I don't know anything about this film, but the weird image of the nerdy bald dude with the billowing red tie and American flag thing was really getting on my nerves. Was that supposed to make him look like a super tough bad ass? Cause he looked hopelessly faggy to me.

"A sinner will become a saint." ??? What was he, some altar boy who got turned out by a priest working for the CIA? What kind of saint has a barcode mark o' the beasty tatted on his skull and kills people with automatic weapons? St Remington of Smith & Wesson?

All the trailers for the film made it look like some Saturday Night Live joke commercial without the punchline at the end.

And how long have they been running basically the same inane tv commercial? Over a month? Aren't there any FCC regulations to prevent them from abusing the public this way?

I'm so sick of seeing the stupid HITMAN commercial I wanna pop a cap in the ass of everyone involved in making the film just because of how much it's gotten on my nerves. I would only see it if it was 90 minutes of someone shoving those gun up the hitman's ass.

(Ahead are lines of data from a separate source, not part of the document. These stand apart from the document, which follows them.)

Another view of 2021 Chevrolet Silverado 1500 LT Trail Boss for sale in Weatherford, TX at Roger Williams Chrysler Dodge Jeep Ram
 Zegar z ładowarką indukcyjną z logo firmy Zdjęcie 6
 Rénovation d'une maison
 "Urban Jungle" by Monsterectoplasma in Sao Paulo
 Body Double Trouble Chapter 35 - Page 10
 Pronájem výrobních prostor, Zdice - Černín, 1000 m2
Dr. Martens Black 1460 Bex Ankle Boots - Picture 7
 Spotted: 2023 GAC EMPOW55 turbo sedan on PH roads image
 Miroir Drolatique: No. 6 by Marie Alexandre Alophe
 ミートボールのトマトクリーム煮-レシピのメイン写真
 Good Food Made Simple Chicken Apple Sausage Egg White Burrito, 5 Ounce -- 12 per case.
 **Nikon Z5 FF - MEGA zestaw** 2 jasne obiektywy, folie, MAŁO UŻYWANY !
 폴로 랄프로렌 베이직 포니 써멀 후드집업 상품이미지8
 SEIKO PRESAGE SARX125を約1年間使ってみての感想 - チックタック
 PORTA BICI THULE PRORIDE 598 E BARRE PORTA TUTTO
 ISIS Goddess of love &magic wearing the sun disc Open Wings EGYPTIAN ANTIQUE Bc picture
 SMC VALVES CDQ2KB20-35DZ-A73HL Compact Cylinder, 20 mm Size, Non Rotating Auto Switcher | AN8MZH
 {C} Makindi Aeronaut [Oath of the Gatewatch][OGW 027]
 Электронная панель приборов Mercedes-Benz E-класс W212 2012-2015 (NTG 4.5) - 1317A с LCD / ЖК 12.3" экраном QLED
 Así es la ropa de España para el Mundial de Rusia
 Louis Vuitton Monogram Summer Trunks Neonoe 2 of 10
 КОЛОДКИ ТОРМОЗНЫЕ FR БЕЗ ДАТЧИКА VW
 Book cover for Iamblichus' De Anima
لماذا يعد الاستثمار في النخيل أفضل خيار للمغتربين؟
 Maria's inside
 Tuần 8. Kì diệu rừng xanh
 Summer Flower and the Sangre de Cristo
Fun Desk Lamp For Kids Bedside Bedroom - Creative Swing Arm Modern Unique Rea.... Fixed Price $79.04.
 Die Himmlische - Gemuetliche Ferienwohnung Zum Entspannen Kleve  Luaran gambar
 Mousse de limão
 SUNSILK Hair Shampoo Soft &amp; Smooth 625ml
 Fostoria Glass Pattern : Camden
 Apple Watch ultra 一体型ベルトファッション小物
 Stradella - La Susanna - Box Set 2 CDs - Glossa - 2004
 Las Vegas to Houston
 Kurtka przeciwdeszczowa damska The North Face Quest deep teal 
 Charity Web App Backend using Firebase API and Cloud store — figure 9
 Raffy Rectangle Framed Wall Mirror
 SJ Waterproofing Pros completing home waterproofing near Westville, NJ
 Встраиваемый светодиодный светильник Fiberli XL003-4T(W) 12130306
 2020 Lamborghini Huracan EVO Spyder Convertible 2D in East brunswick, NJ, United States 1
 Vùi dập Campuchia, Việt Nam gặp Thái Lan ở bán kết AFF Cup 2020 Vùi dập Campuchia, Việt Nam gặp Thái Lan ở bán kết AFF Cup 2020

Seriously, does that skinny fey bald dude look like he would last five seconds trying to kick ass against any other movie action hero?

What would make me happy with those stupid tv commercials is to see Bruce Willis pop up and shoot him with a hearty "Yippie-o-kiyay muthafukka!"

It's commercials for crap like this that make me wish I had some sort of ad-blocker with a big DO NOT WANT button to stop this madness.

myklspader • Nov 24, 2007, 09:18pm •
surprised the mist didn't do better, it was pretty good. not as good as darabont's other king movies, but it holds on.